I still have vivid memories of Mother’s Day in 2014. That was three years ago. My daughter was approaching age 3. I was approaching my 45th birthday, I had been TTC unsuccessfully for eight months. My hope of having two kids three years apart had been dashed. My dream of having a second child at all was fading. Each month my inner sense of longing, despair, and lack of control was growing.
I woke up the morning of Mother’s Day ready to start anew, looking forward to a quiet day with my husband and my daughter. It was approaching 8am when my husband got a text and revealed to me that a surprise was on its way—our neighbors were coming over with their three kids (ages three and under) to celebrate mother’s day with us. The dads would be cooking breakfast and the moms would get to play with the kids.
On a good day, time with this particular family left me frazzled and exhausted. I’m a person who is soothed by calm, quiet and order. A playdate with four kids ages three and under is a far cry from a spa day for this tired mama. “Um, okay, when are the coming?” “In ten minutes, they’re walking over now.” I tried to paste a smile on my face as I silently repeated, “focus on the intention, he’s coming from a place of love.”
I slipped away to get changed out of my pjs. I went to the bathroom and as luck would have it, AF started right then. All I wanted to do was sit in the bathroom and cry. Wiping away my tears, I did my best to pull it together so that I could create friendly small talk with our guests. I didn’t want to cast a dark cloud over Mother’s Day for our friends. I don’t know that I succeeded. Honestly I felt angry at everyone, even though I knew logically that no one was at fault. At the time, this felt like my worst Mother’s Day ever.
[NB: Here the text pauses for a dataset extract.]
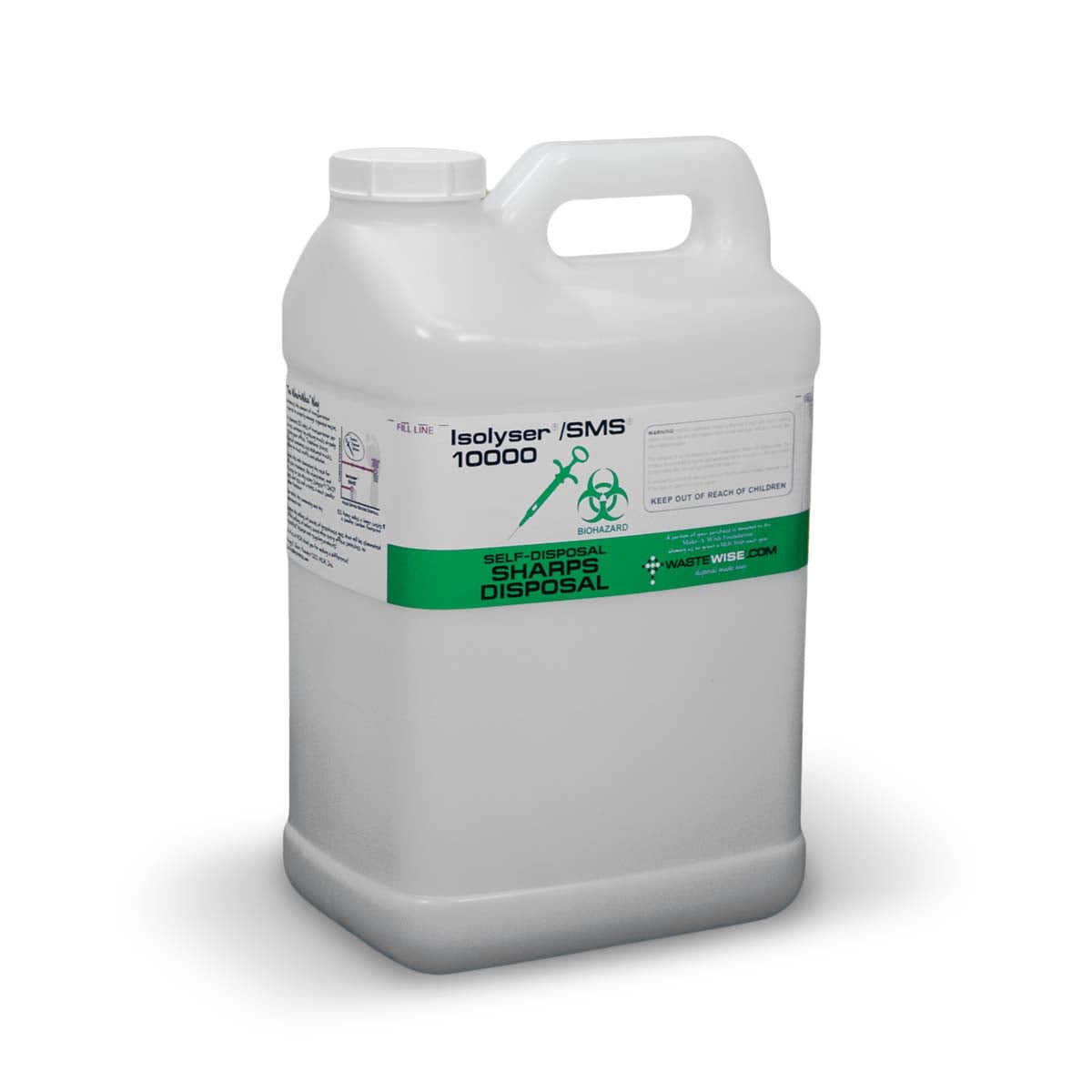 Isolyser/SMS 10000 Sharps Self-Disposal System, 10 Liter, SMS10000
Little did I know what adventures lay ahead of me. Over the following year I experienced two pregnancies that ended in miscarriage. I went on a bold quest to nurture my eggs naturally. Looking back now at my trusty Fertility Friend app, it was pretty much to the day--that next mother’s day, my golden egg was released. My miracle baby is 15 months old now, sleeping beside me as I type. Now my family is complete and I can just rest in gratitude on Mother’s Day, thankful for all my opportunities to experience the joys of motherhood.
How are you experiencing Mother’s Day, truly? There is no right or wrong way. I invite you to be genuine with yourself. Allow yourself to have the feelings you have. Give yourself space for whatever emerges, and know that you are not alone. Feel free to email me your stories, your joys, your sorrows. Sure, you may need to put on a happy face for those around you, but make sure you create some space where you can be plainly honest and embrace whatever feelings are present for you regarding your own experiences as a mother, your desires to be a mother, or your relationship with your own mother—whatever the notion of “Mother’s Day” brings up for you.
I look back on this day in 2014, and I wish to give myself compassion and a loving warm hug. I felt so alone and sad. I actually find it a helpful exercise to use imagery to send my older, wiser self to comfort my younger self at times that were challenging in the past. If you’re currently in a challenging space, you can also use imagery and envision various supportive figures. Conjure up a nurturing figure, a protective figure or a wise figure to come be present with you. Allow the images to be vivid. Feel the nurturing, protective, or wise qualities of this being. Allow their presence to touch you. Perhaps you’ll envision a caring gaze, or a gentle hand of support on your shoulder, or a warm embrace that says, “I know how you feel and I’m here for you.”
(If you would like to learn more about these approaches, I recommend a book called, “Tapping In” by Laurel Parnell. Dr. Parnell is a psychologist who trains other therapists to treat trauma and heal attachment wounds. I find her approaches to be very effective for myself and clients I work with. This book is written for a general audience and shares some of her therapeutic techniques that can be safely done on your own.)
I believe that processing emotions is a vital aspect of our emotional health as well as our physical health. Feelings that get pushed away don’t go away, they get suppressed and they fester. When it comes to optimal fertility, we aim to release anything that may inhibit our natural flow of energy.
On this Mother’s Day, I wish you the courage to be true to yourself and breathe freely. I also wish you the ability to trust that, if you have not already, you will find a path to fulfill your longing to be a mother. It serves us well to be open to the many ways our dreams may be fulfilled. Trust that there is a path and you will find it.
May you have courage.
May you have trust.
May you trust your intuition as you find your path to the motherhood you long for.